(Input data)

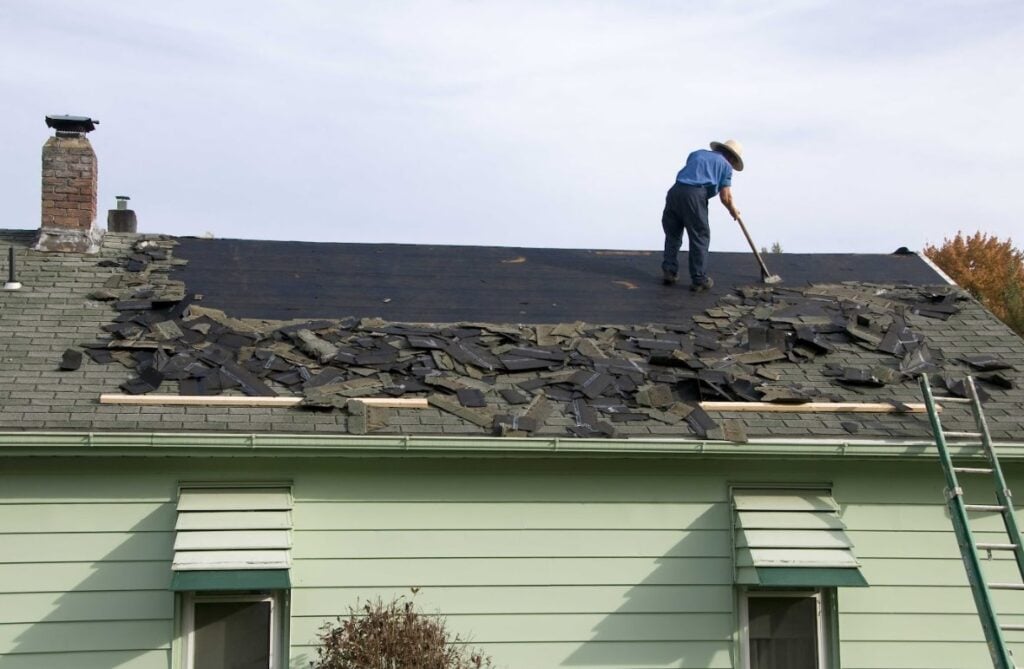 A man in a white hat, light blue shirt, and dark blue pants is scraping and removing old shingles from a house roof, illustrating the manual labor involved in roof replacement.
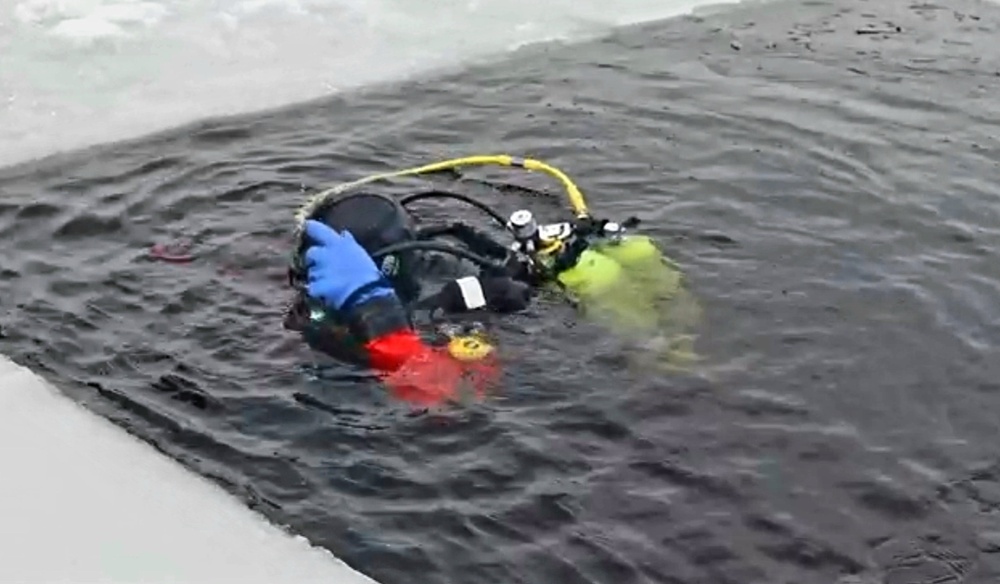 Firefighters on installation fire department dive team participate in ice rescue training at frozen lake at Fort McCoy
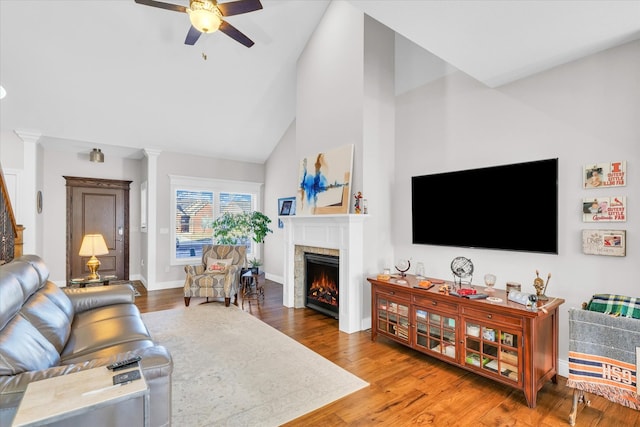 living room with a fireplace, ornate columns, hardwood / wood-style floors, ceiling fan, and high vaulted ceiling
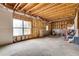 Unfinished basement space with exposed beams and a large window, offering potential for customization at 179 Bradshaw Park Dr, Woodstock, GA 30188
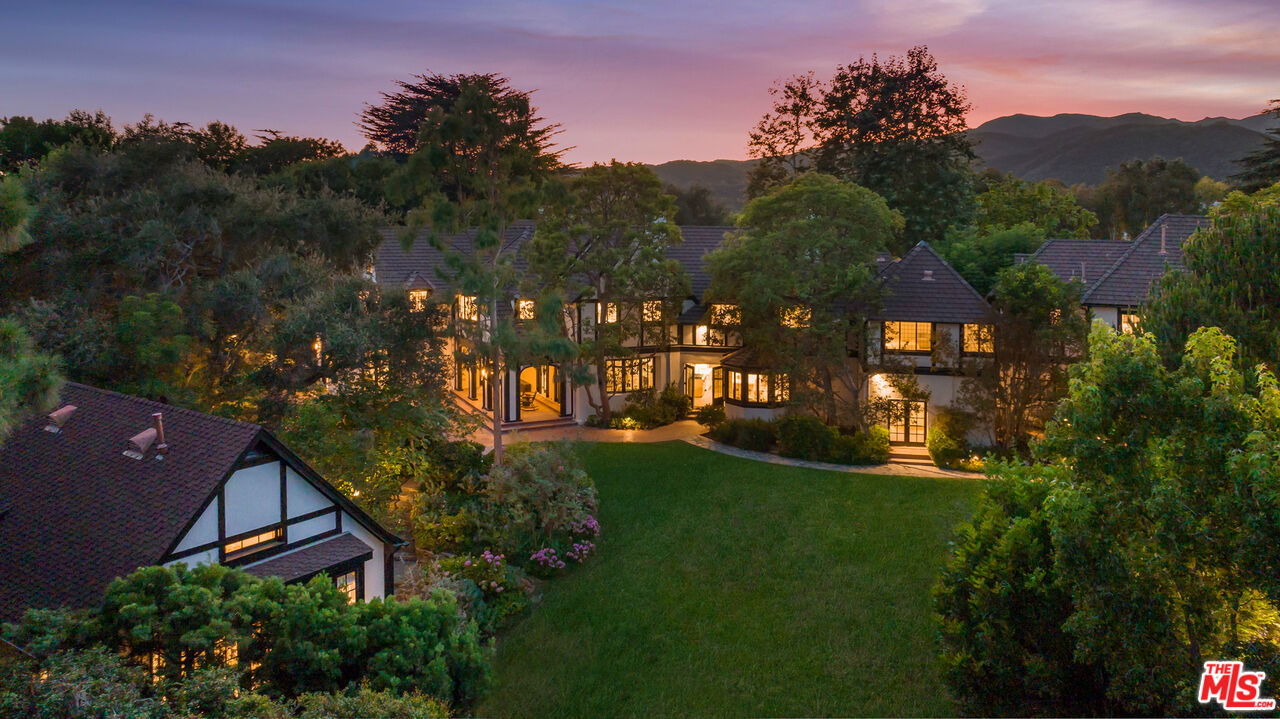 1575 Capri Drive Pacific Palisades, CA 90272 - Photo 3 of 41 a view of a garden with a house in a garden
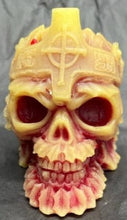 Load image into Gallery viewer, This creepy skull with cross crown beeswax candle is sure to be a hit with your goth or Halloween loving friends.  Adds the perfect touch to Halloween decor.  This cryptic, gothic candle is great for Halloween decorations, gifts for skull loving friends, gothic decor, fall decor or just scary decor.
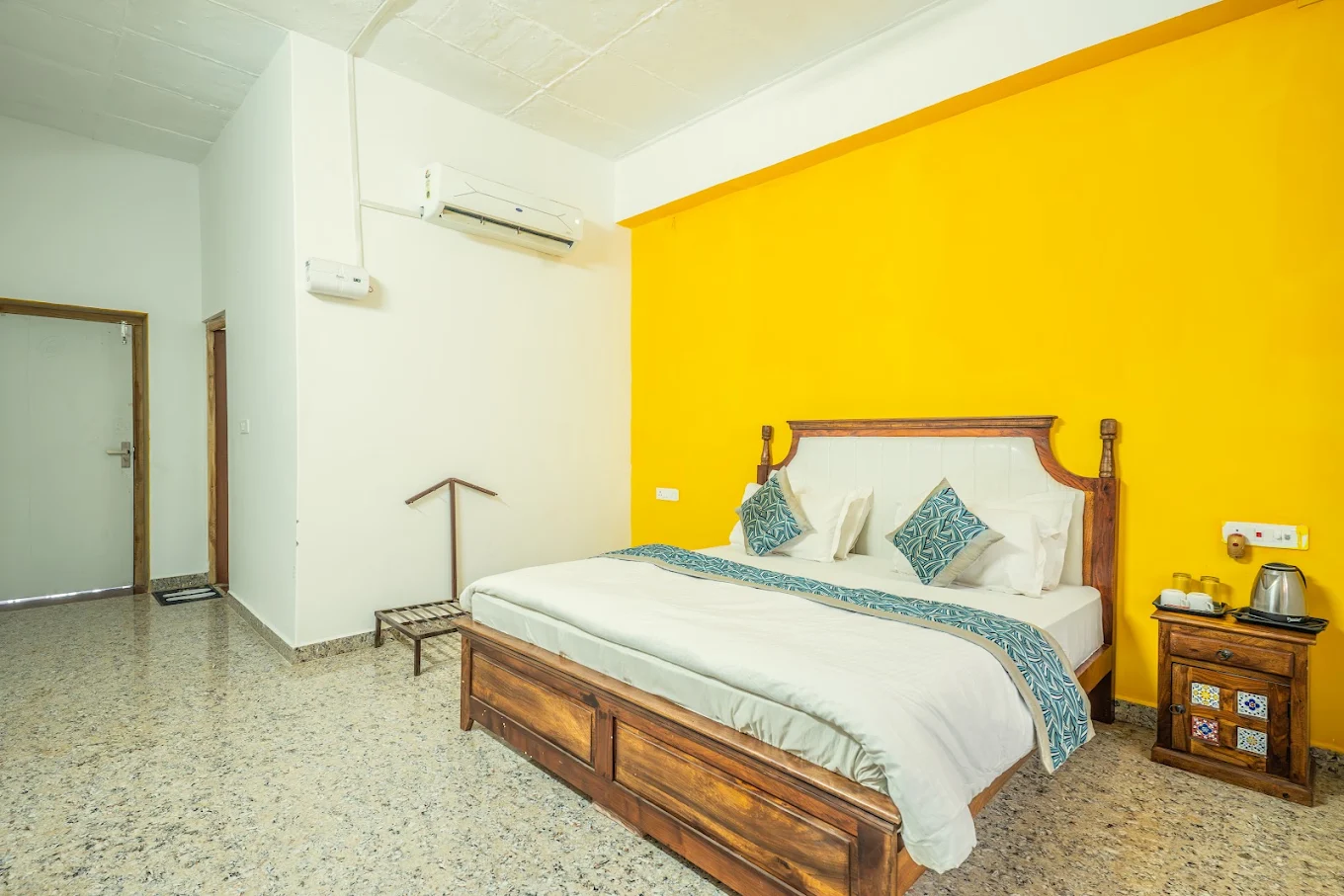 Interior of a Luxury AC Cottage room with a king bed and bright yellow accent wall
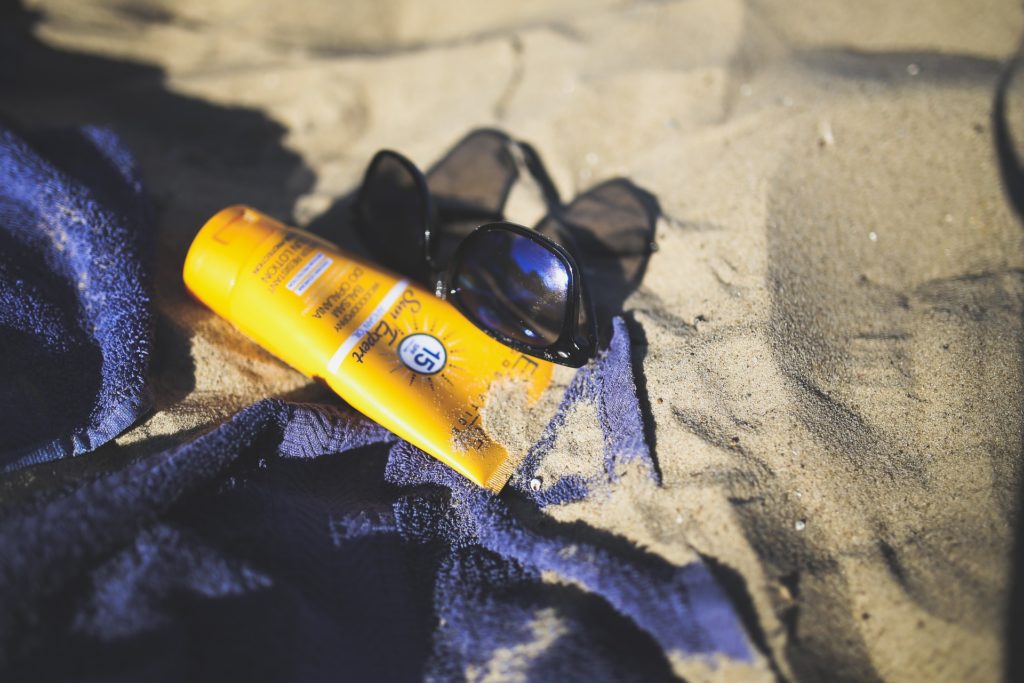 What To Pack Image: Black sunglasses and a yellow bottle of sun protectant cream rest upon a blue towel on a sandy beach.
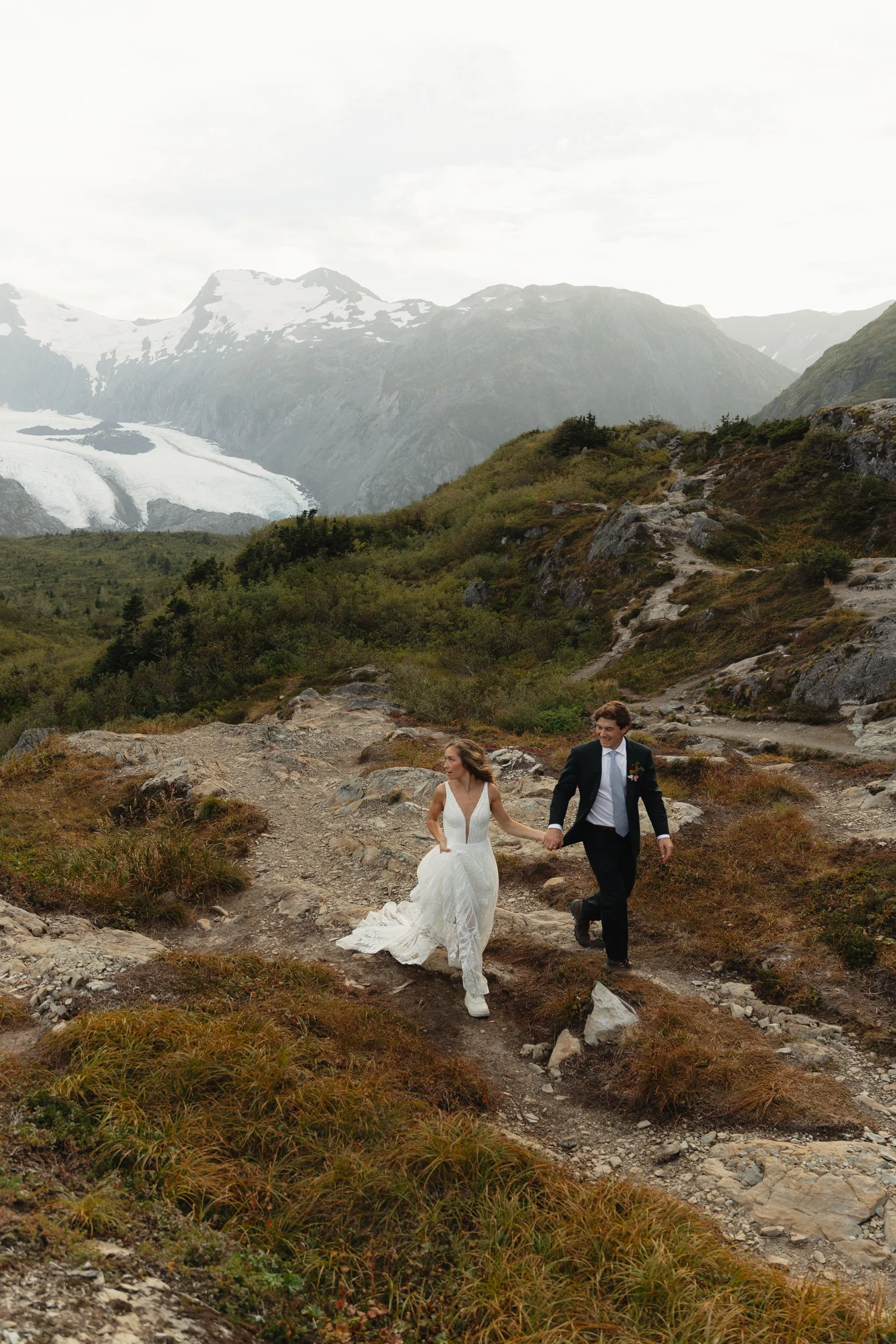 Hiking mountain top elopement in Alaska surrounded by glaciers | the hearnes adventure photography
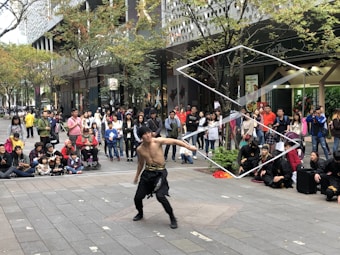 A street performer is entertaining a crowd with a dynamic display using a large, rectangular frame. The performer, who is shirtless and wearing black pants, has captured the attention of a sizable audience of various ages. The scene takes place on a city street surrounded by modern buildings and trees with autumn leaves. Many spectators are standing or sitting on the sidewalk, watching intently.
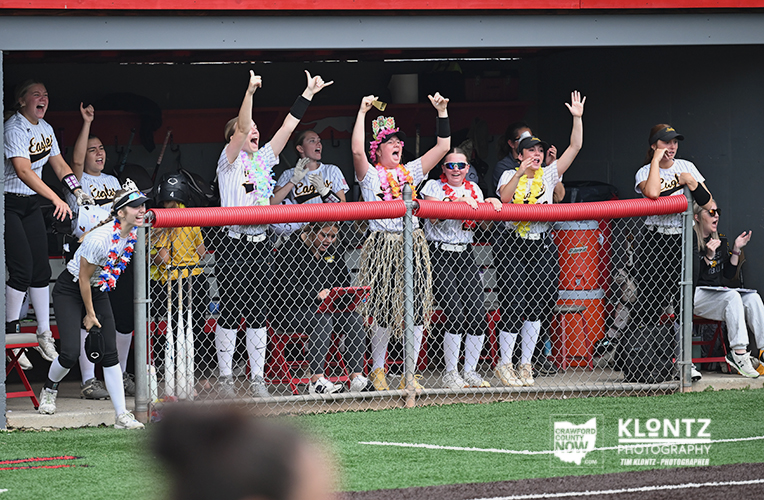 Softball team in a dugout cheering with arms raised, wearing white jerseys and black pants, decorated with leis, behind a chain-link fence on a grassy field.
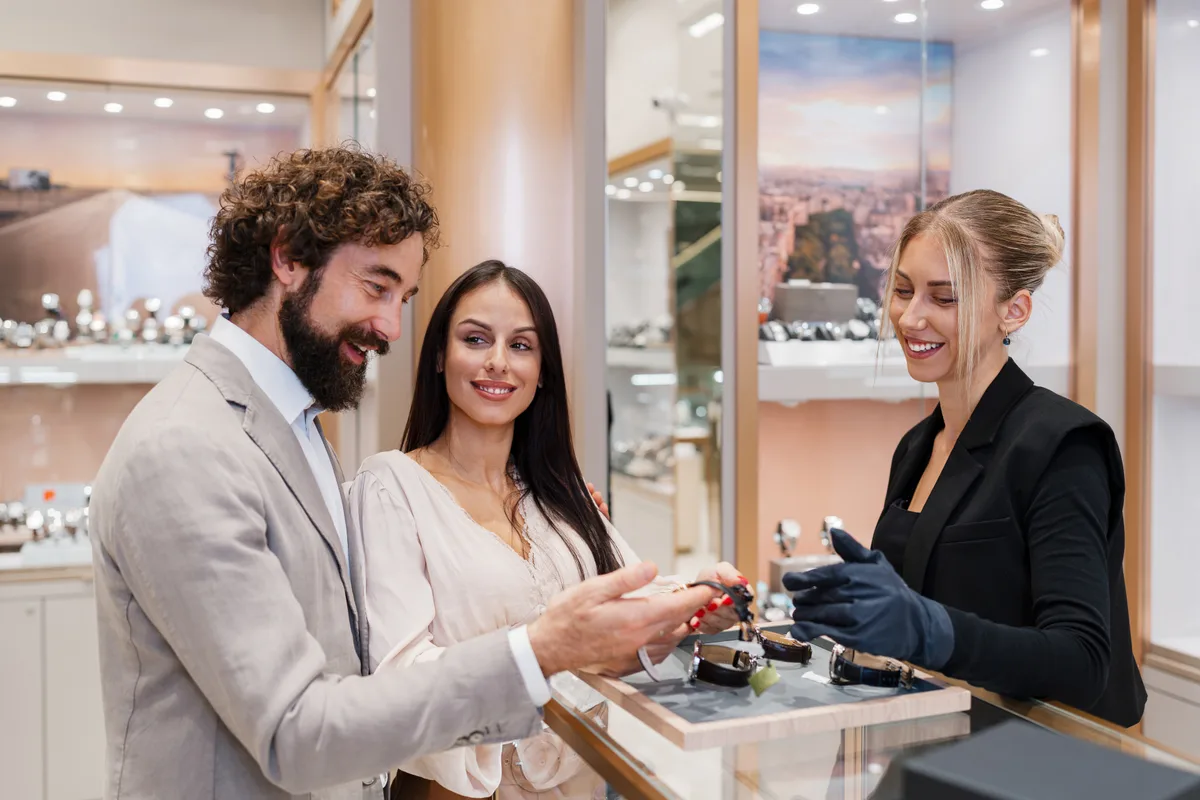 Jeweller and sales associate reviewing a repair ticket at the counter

(End Input data)

■ **What is being asked**: What you return should match the records line for line, minus the pictures.

■ **Solved problem**:
 A man in a white hat, light blue shirt, and dark blue pants is scraping and removing old shingles from a house roof, illustrating the manual labor involved in roof replacement.
 Firefighters on installation fire department dive team participate in ice rescue training at frozen lake at Fort McCoy
 living room with a fireplace, ornate columns, hardwood / wood-style floors, ceiling fan, and high vaulted ceiling
 Unfinished basement space with exposed beams and a large window, offering potential for customization at 179 Bradshaw Park Dr, Woodstock, GA 30188
 1575 Capri Drive Pacific Palisades, CA 90272 - Photo 3 of 41 a view of a garden with a house in a garden
 Load image into Gallery viewer, This creepy skull with cross crown beeswax candle is sure to be a hit with your goth or Halloween loving friends.  Adds the perfect touch to Halloween decor.  This cryptic, gothic candle is great for Halloween decorations, gifts for skull loving friends, gothic decor, fall decor or just scary decor.
 Interior of a Luxury AC Cottage room with a king bed and bright yellow accent wall
 What To Pack Image: Black sunglasses and a yellow bottle of sun protectant cream rest upon a blue towel on a sandy beach.
 Hiking mountain top elopement in Alaska surrounded by glaciers | the hearnes adventure photography
 A street performer is entertaining a crowd with a dynamic display using a large, rectangular frame. The performer, who is shirtless and wearing black pants, has captured the attention of a sizable audience of various ages. The scene takes place on a city street surrounded by modern buildings and trees with autumn leaves. Many spectators are standing or sitting on the sidewalk, watching intently.
 Softball team in a dugout cheering with arms raised, wearing white jerseys and black pants, decorated with leis, behind a chain-link fence on a grassy field.
 Jeweller and sales associate reviewing a repair ticket at the counter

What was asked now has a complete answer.